__WHAT THE EXERCISE ASKS__.
Line by line, print the records exactly, and keep images out of the copy.

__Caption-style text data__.
────────────────────────────────────────

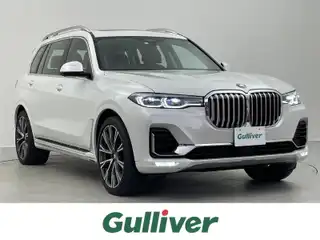 Ｘ７ xDrive35d デザインピュアエクセレンス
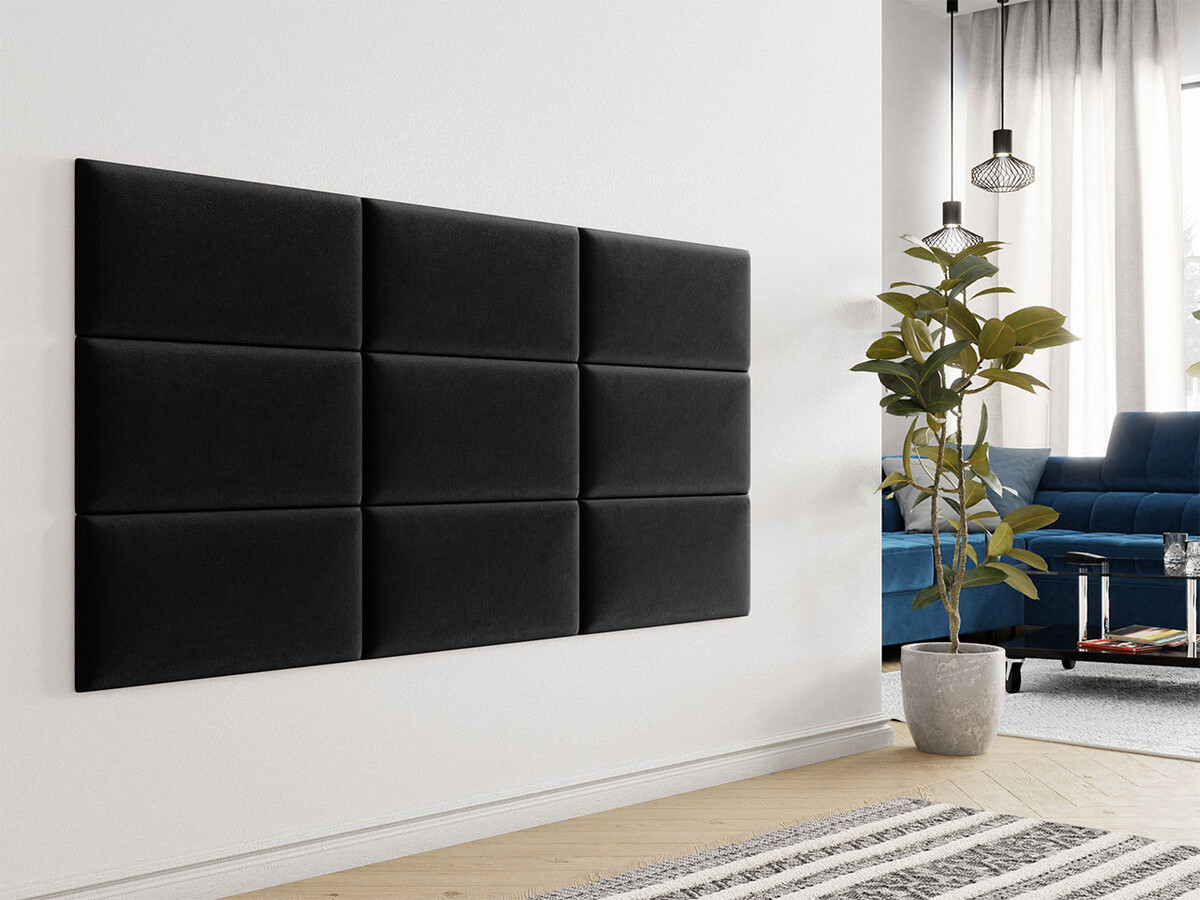 Panel de pared suave Comfivo Ovis (Manila 18) (60x30)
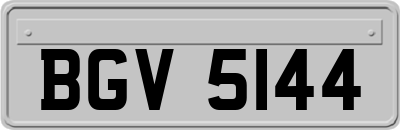 BGV5144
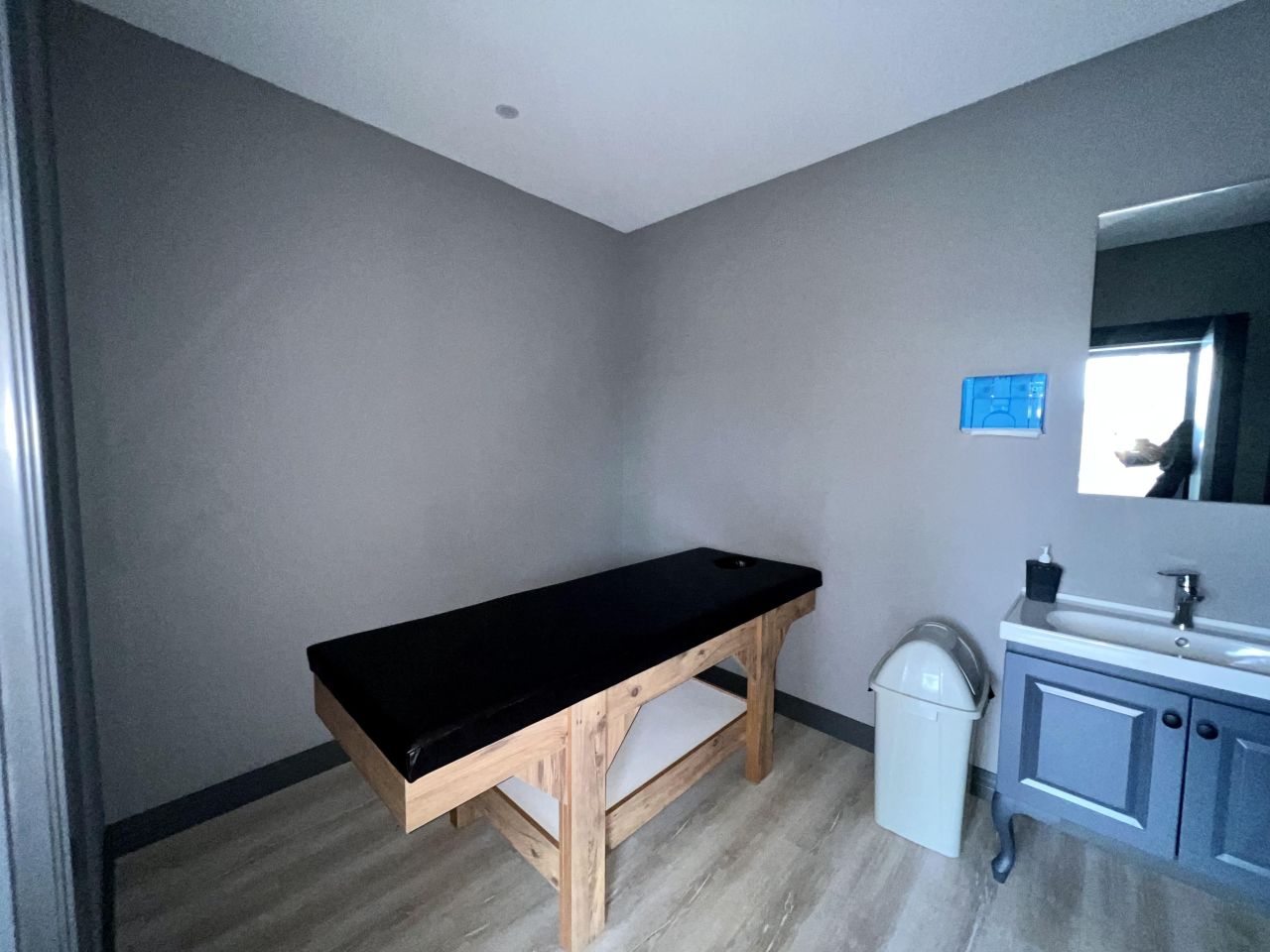 Квартира в Алании, Турция, 60 м² - фото 5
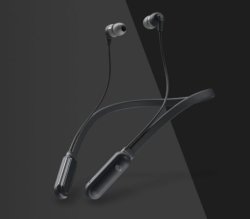 Skullcandy Inkd+ Wireless In-ear Black black grey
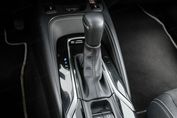 Toyota Corolla 1.8 Hybrid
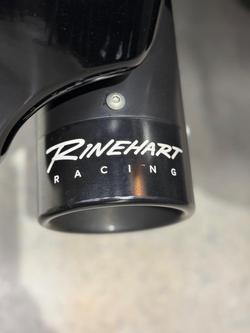 2018 Harley-Davidson Street Glide Special 114 (FLHXS) Touring Black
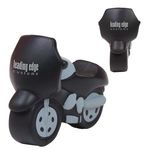 Buy Imprinted Stress Reliever Motorcycle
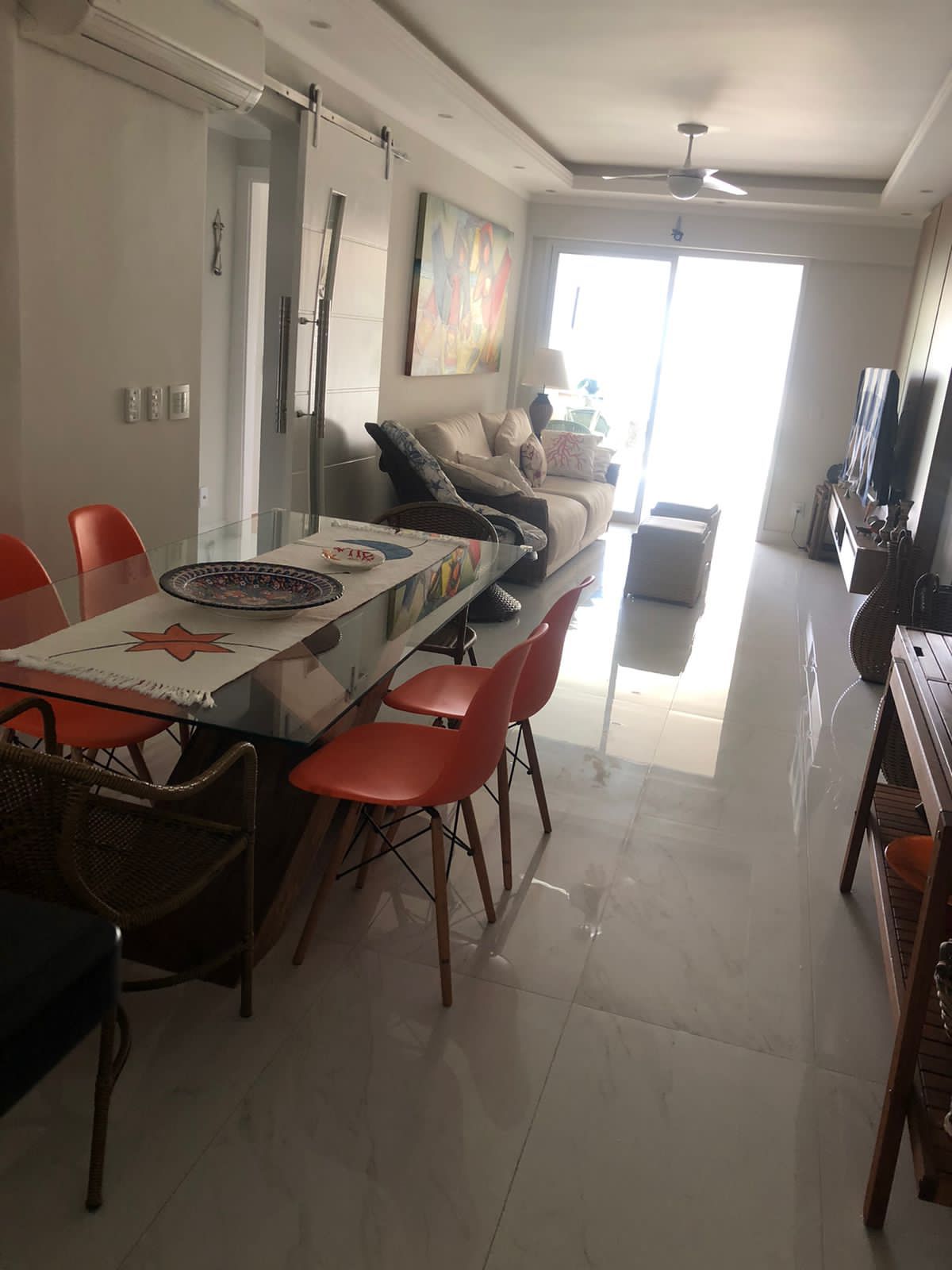 Apartamento à venda com 3 quartos, 117m² - Foto 26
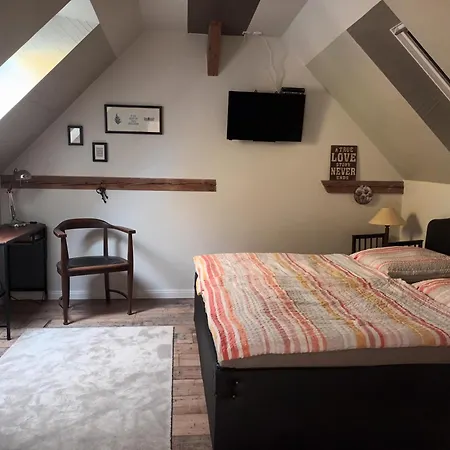 Nova Cella Apartment Neuzelle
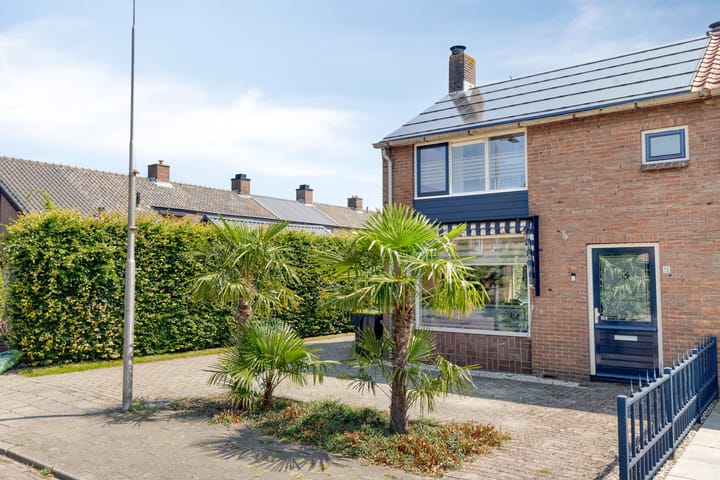 Foto 4 van Koninginneweg 56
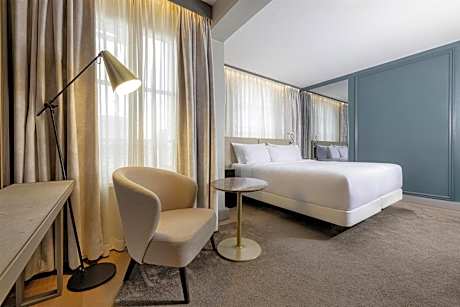 NH Collection Salzburg City
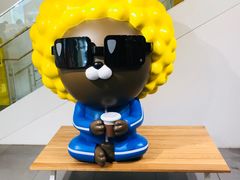 -KAKAO FRIENDS(弘大店)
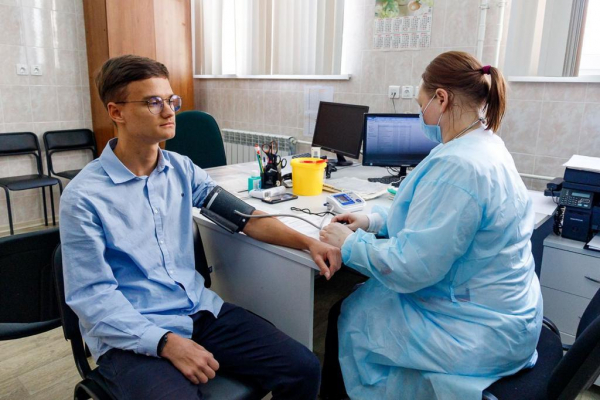 Спутник для тех, кто растет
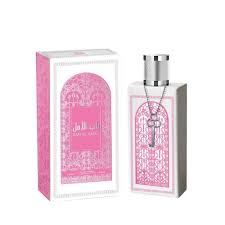 Woda perfumowana dla kobiet Afaq Bab Al Amal 100 ML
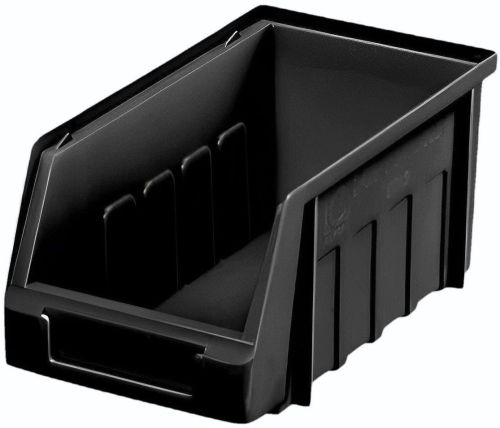 Supreme ESD Conductive Storage Bins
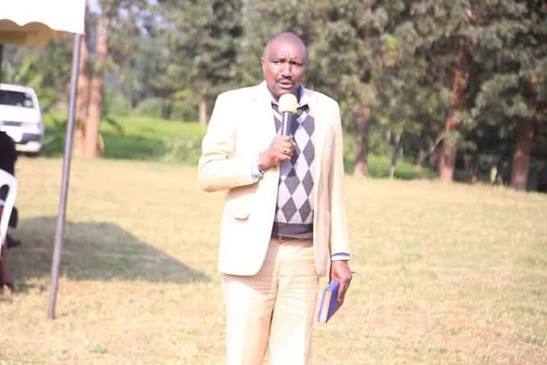 David Mwangi Kabatha cover photo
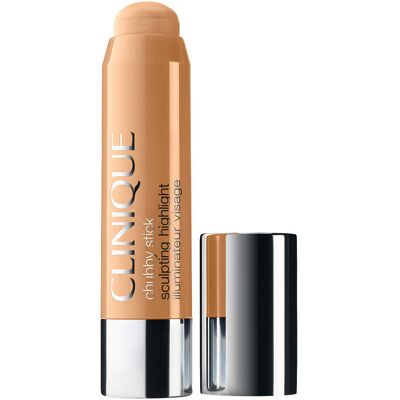 Clinique Chubby Stick Scultping Highlight 02 Sumpreme Stardust 6 g Clinique Chubby Stick Scultping Highlight 02 Sumpreme Stardust 6 g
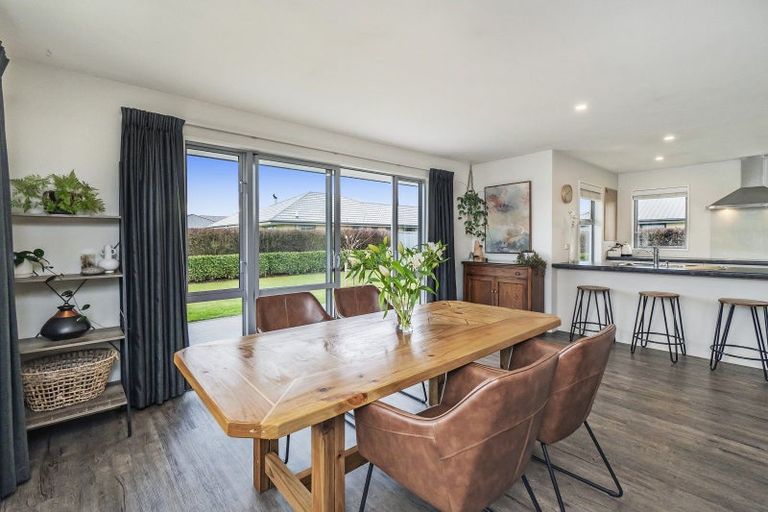 Photo of property in 6 Slattery Lane, Leeston, 7632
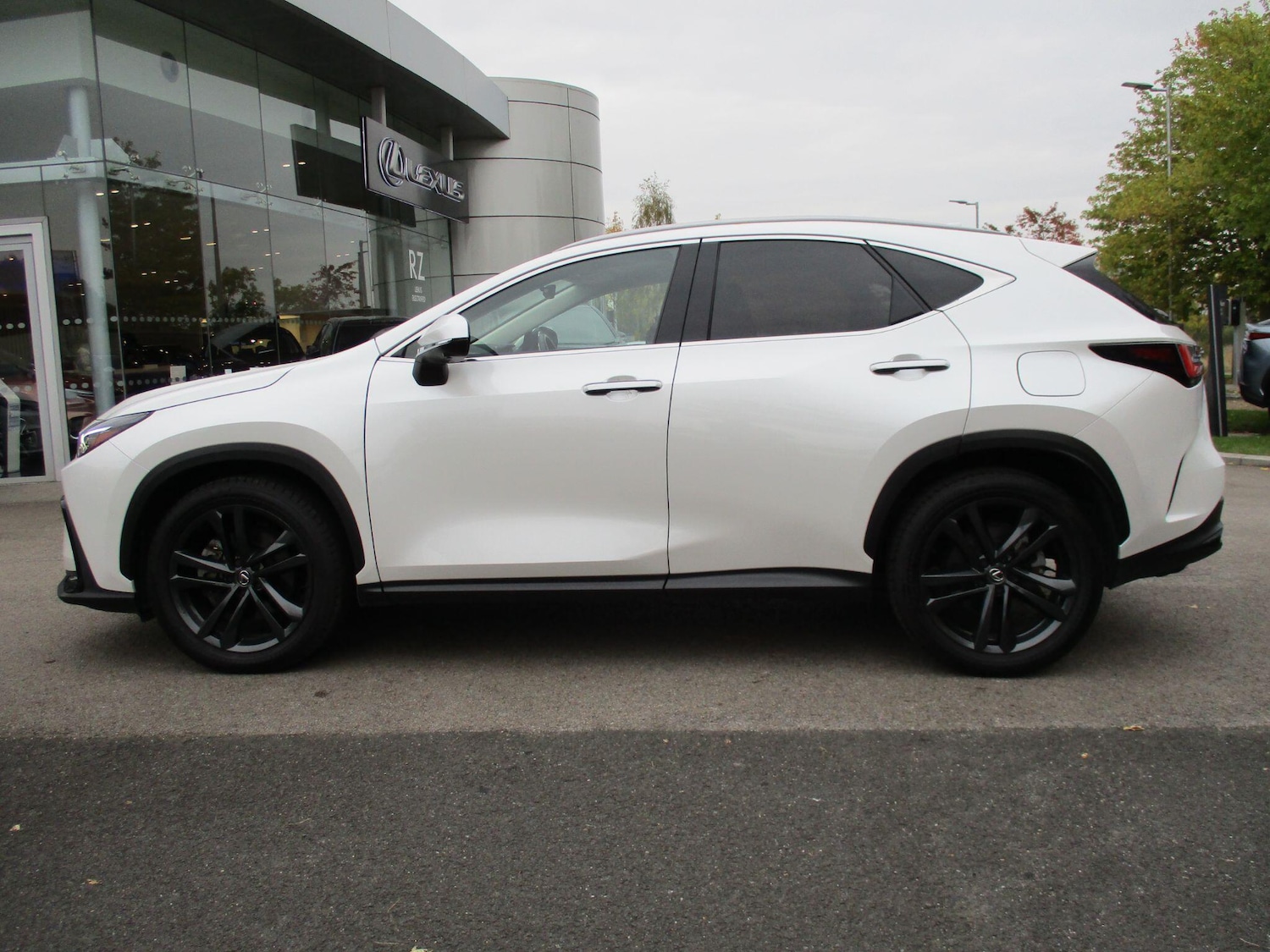 Used Lexus NX 2024 for sale - 76270945: Photo 8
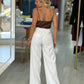 Calça clássica wide leg (+cores)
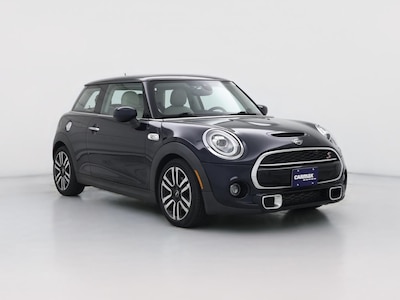 2020 MINI Cooper Hardtop S -
                  Laurel, MD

────────────────────────────────────────

__ANSWER TO THIS TASK__.
 Ｘ７ xDrive35d デザインピュアエクセレンス
 Panel de pared suave Comfivo Ovis (Manila 18) (60x30)
 BGV5144
 Квартира в Алании, Турция, 60 м² - фото 5
 Skullcandy Inkd+ Wireless In-ear Black black grey
 Toyota Corolla 1.8 Hybrid
 2018 Harley-Davidson Street Glide Special 114 (FLHXS) Touring Black
 Buy Imprinted Stress Reliever Motorcycle
 Apartamento à venda com 3 quartos, 117m² - Foto 26
 Nova Cella Apartment Neuzelle
 Foto 4 van Koninginneweg 56
 NH Collection Salzburg City
 -KAKAO FRIENDS(弘大店)
 Спутник для тех, кто растет
 Woda perfumowana dla kobiet Afaq Bab Al Amal 100 ML
 Supreme ESD Conductive Storage Bins
 David Mwangi Kabatha cover photo
 Clinique Chubby Stick Scultping Highlight 02 Sumpreme Stardust 6 g Clinique Chubby Stick Scultping Highlight 02 Sumpreme Stardust 6 g
 Photo of property in 6 Slattery Lane, Leeston, 7632
 Used Lexus NX 2024 for sale - 76270945: Photo 8
 Calça clássica wide leg (+cores)
 2020 MINI Cooper Hardtop S -
                  Laurel, MD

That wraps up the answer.